While we know that vegetables are good for our skin, if you’re looking for thorough guidance on a diet that has proven benefits on the skin, you should follow the low-glycaemic index Mediterranean diet. Glycaemic index refers to how much glucose food contains. A typical Mediterranean diet is made up of olive oil, green vegetables, fresh fruit, nuts, grains and fatty fish while low in sugar and red meat. All of these are full of antioxidants which help repair any incurred skin damage and healthy fats which work to keep your skin elastic.
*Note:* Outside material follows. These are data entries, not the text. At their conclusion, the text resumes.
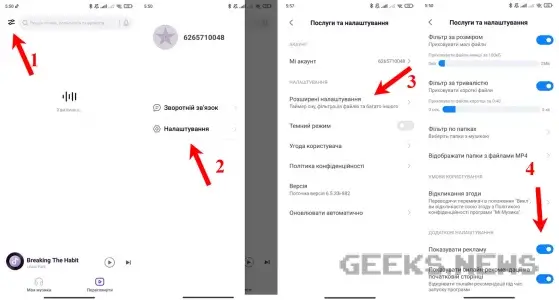 Як відключити рекламу на Xiaomi у системних додатках
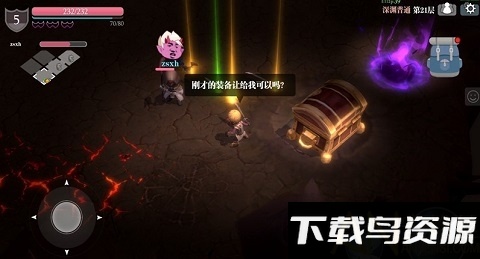 魔渊之刃华为客户端截图2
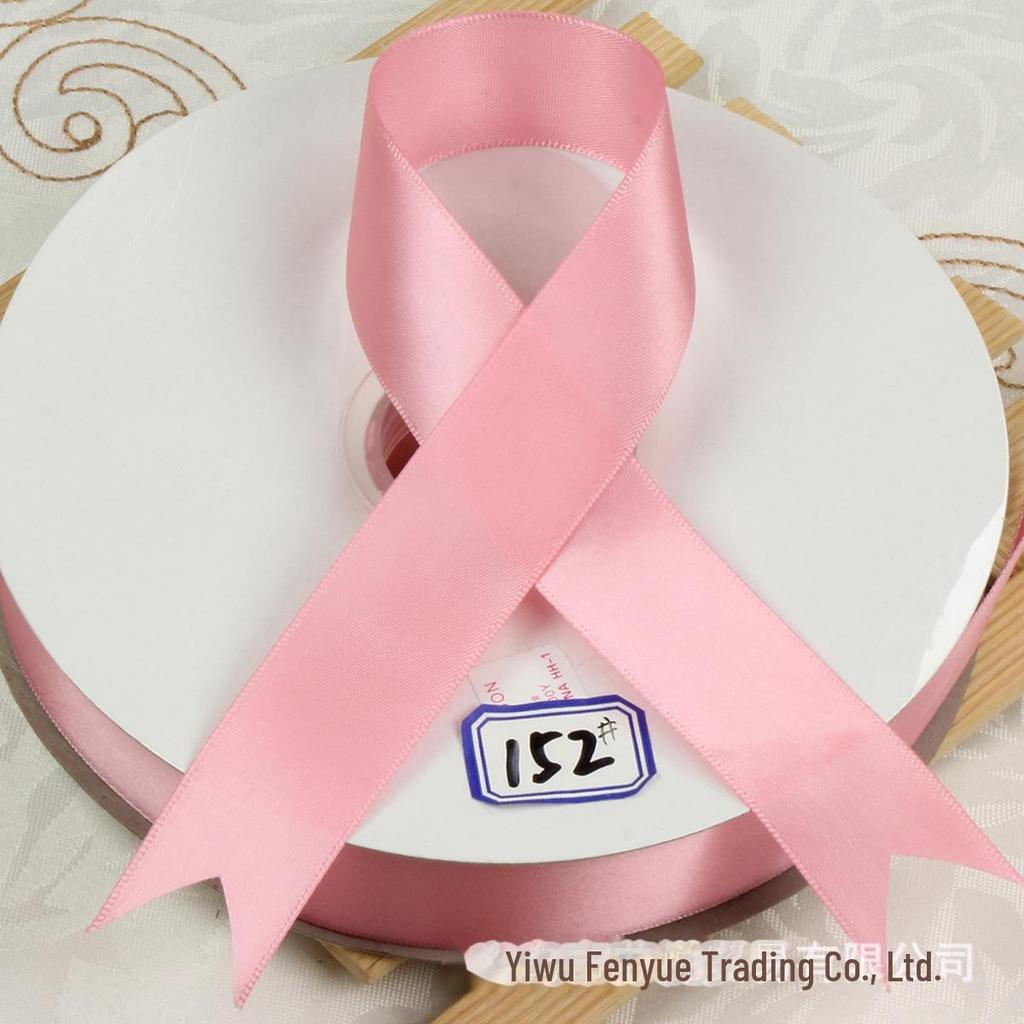 Panglică din Poliester Imprimată de 2 cm pentru Cutii de Cadouri, Artizanat și Accesorii de Păr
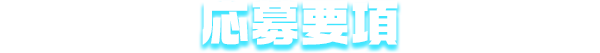 応募要項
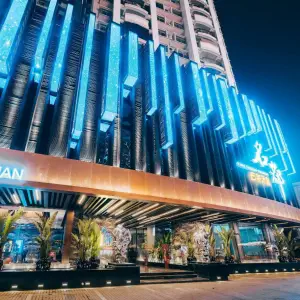 名都云海汤泉（嘉禾花园店）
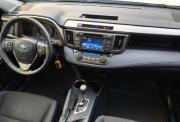 Toyota RAV4 IV (XA40) Сыктывкар  - изображение 32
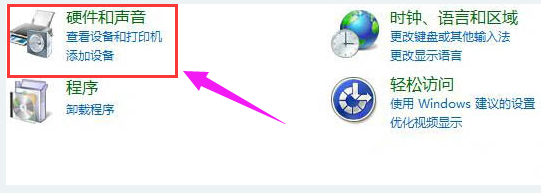 聯想ThinkPad E460筆記本怎么一鍵重裝win7系統 win7如何設置待機時間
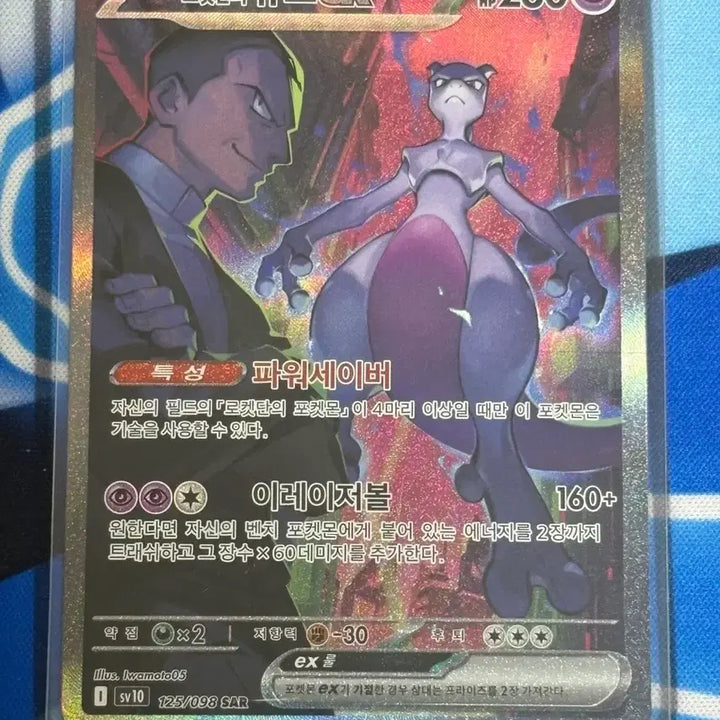 [BUNJANG] Pokemon Card Team Rocket&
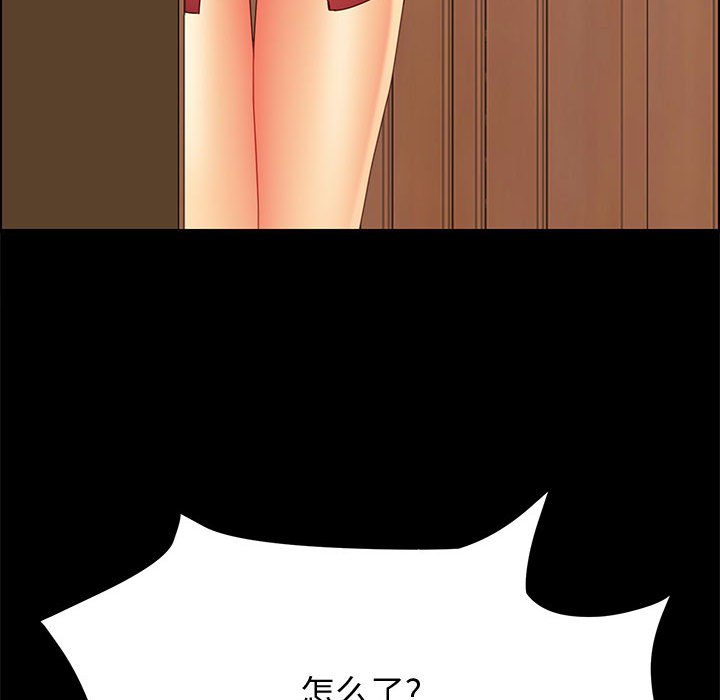 [韩国漫画] 上门徒弟 剧情,熟女人妻,巨乳大奶#[146P]-110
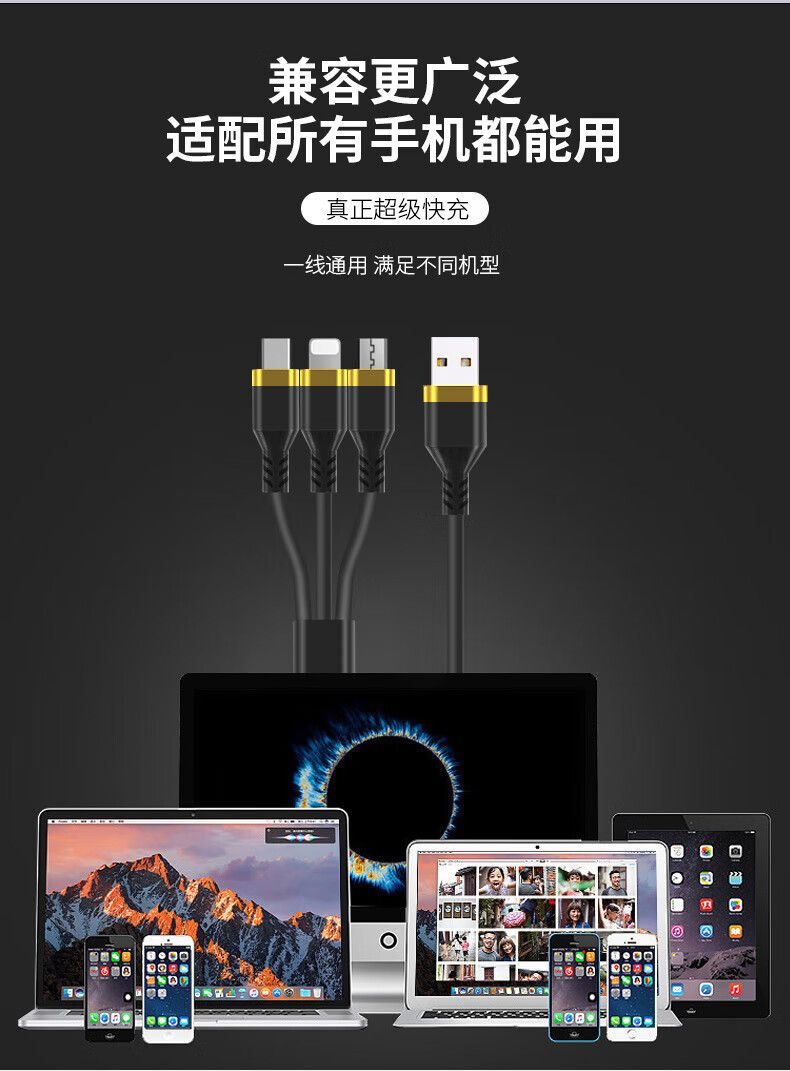 240W快充三合一数据线弹簧伸缩充电线适用苹果安卓type-c手机车载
Foods to cut down or moderate

While the Mediterranean diet has foods with low-glycaemic index, foods that have a high-glycaemic index and refined carbohydrates will give you a sugar rush that will have negative impacts on your skin.

Refined foods

Unfortunately, it’s the most indulgent and comforting foods that have the worst effect. Refined sugars and grains that have been made with white flour, such as bread, cereal, pasta, rice, noodles, sodas, and sweeteners rich in refined carbohydrates can contribute to acne. According to research, those who ate high amounts of sugar had a 30 per cent greater risk of developing acne. These foods increase blood sugar and insulin levels, which makes skin cells grow more quickly and encourages sebum production.
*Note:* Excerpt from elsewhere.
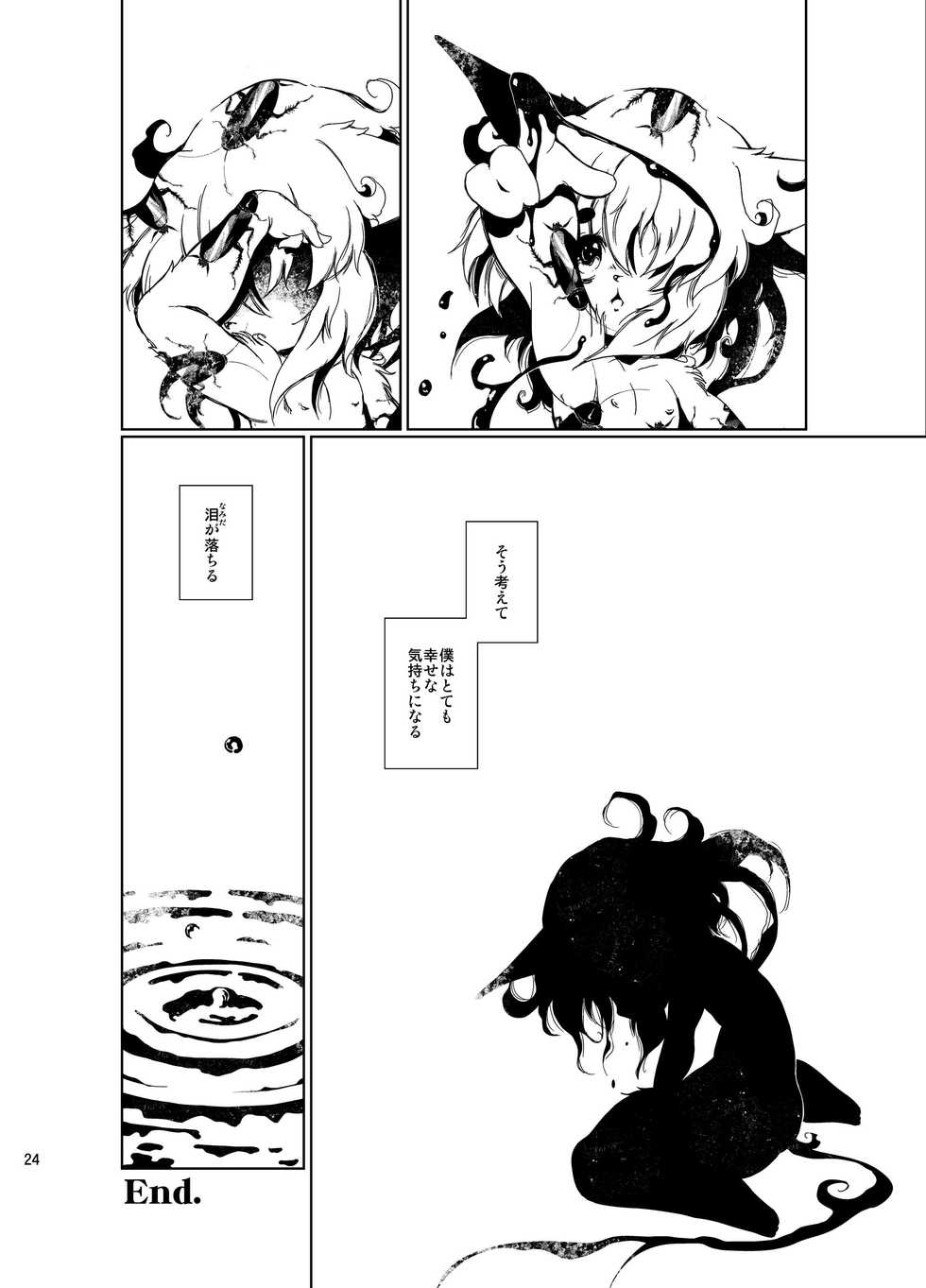 [Minasokomori (Macop.)] Kyokon chicchai Usa Shota ga Oshiri ni Chinchin Hame te Pyonpyon suru [Digital] - Page 24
Refined carbohydrates age your skin, as the sugar molecules become 'co-dependent' and attach to proteins like collagen, which keep your skin plump. Your body can't break down this bond which makes your skin appear older. Look out for ingredients like high fructose corn syrup, table sugar, cane sugar, and glucose-fructose.


A lot of research has pointed to the possibility that milk products can contribute to acne severity in teenagers, although more research is needed to discover how much dairy is needed to be consumed to aggravate acne.

It is widely known that hormones can affect our skin. When a woman is in her menstrual cycle, an increase in hormones can result in more spots. Dairy products contain casein and whey protein which can also increase levels of hormones that similarly stimulate sebum production. Dairy can also disrupt insulin levels, which knocks other hormones out of balance, leading to breakouts and inflamed skin like acne, eczema, and rosacea. Long-term inflammation can breakdown collagen levels.

Don’t be scared of all dairy, however, as not all cow produce is created equal. Fermented dairy hasn’t been linked to the increased risk of acne, like yoghurt and cheese – phew! In fact, kefir and live yoghurt is associated with better heart and bone health as well as improved digestion.

It is all about opting for moderation and balancing foods that are good for our skin with the occasional treat of the stuff that isn’t, rather than total abstinence. If skincare and exercise isn’t improving your skin, assess your diet and make some changes!